# Wood Stove vs. Wood Furnace?



## ronoz (Aug 20, 2008)

I am looking for some help with a new stove/furnace purchase and am hoping that someone can help?  Last year I heated my home using an old steel stove with attached blower (approx. 800cfm).  I connected the 10" warm air distribution pipe directly to my HVAC duct work located in my basement in order to blow the warm air up through the floor bents located on the first floor.  I own a 2 level colonial style home and this unit worked quite nicely to heat the entire house even the second floor which was usually 2-3 degrees cooler than the first floor.  The problem is that the stove that I have, located in the basement, was not very efficient as far as burning wood.  It is an older stove with no baffle inside, no door gasket and no secondary heat chamber.  In order to help make the burns last longer, I installed a damper on the flu pipe and I usually left the air intake (located on the door) closed approx. 3/4 once I established a fire.  After doing this, I could get approx. 2-4 hours of burn time using mostly harwood (oak, maple) before I would have to add more wood.

     I have looked at numerous furnaces/stoves online and am wondering if anyone has an opinion on which one would work the best for me in my home.  I am looking for one that will be the most efficient when it comes to heating my home as well as one that will provide me with longer burn times so I don't keep eating through all of my fire wood.  Last year I used approx. 7-8 cords of wood between December and May and did not use my stove 24/7 to heat.  The ones that I have looked at online so far have been:

PSG Caddy 1500 furnace
PSG AN 30 furnace
Yukon Super Jack furnace 
Yukon Big Jack furnace
Ashley 24AF furnace (US Stove)
Energy King 360 furnace
Woodchuck furnace
Fire Chief furnace
Englander 28-3500 furnace (similar to setup that I have now)
Country ST 310 stove
Quadrafire 5700 stove

    I know that there are many others out there and woukld love to hear all of your suggestions.  My price range is approx. $2500.00.  Which stove/furnace will give me the most bang for my buck?


----------



## deerefanatic (Aug 20, 2008)

Here's some shameless advertising....  I have an older energy king (EK185) with hot water coil that I'm pulling out of my place...... First $1k gets it...... I just don't know what freight on it would cost you..... (Or I can deliver, but freight will probably be cheaper..)

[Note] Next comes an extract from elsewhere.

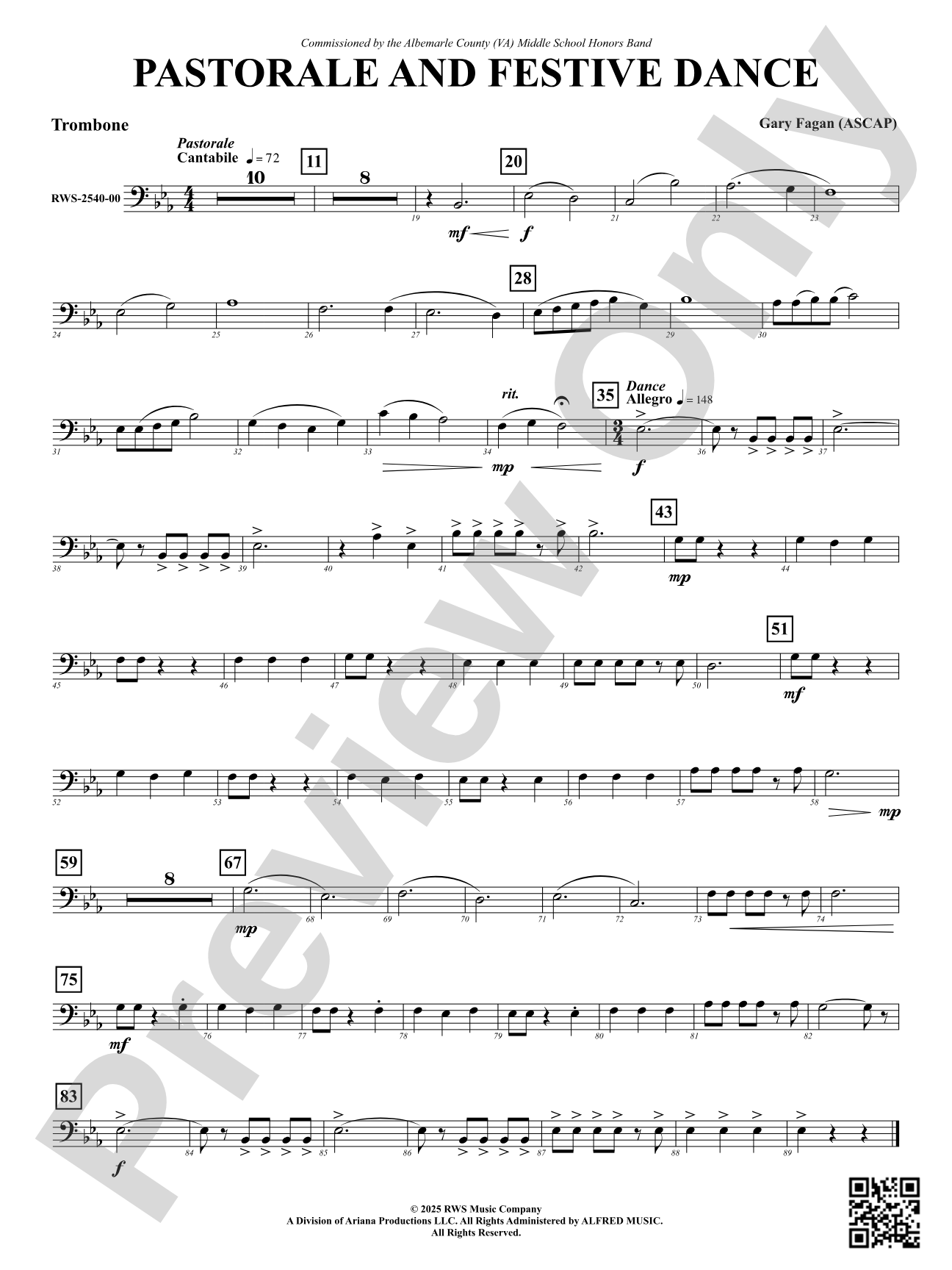 Pastorale And Festive Dance: Trombone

In all, our Energy King gave us good service..... It's just that the chimney was defective and it smoked us to death....... So I can say that Energy King should be a good choice..... That's all I know on the subject.


----------



## webbie (Aug 20, 2008)

If you want to really heat the whole house, I would cross the stoves off the list....or assume they will be located upstairs in the living area.

I think the Caddy is the only really clean burning one, but the price is higher than $2500 (I think)....
The Ashley seems like a decent unit at a pretty amazing price, so that is something to consider.


----------



## ronoz (Aug 20, 2008)

Webmaster, I found the Caddy 1500 online at ibuyfireplacesdotcom for $2,058.00 and could have it delivered for approx. $2,200.00 total.  Would you say that it is one the the best options mentioned?  Will this thing eat through wood like crazy?


----------



## johnsopi (Aug 20, 2008)

I have the Yukon Big Jack this will 4th winter. I love it. I'm heating @3000spft  3 floors.


----------



## ronoz (Aug 20, 2008)

How is the Yukon for efficiency?  Does it go through a lot of wood?  Do you burn 24/7 throughout the winter?


----------



## Gator eye (Aug 20, 2008)

ronoz said:
			
		

> How is the Yukon for efficiency?  Does it go through a lot of wood?  Do you burn 24/7 throughout the winter?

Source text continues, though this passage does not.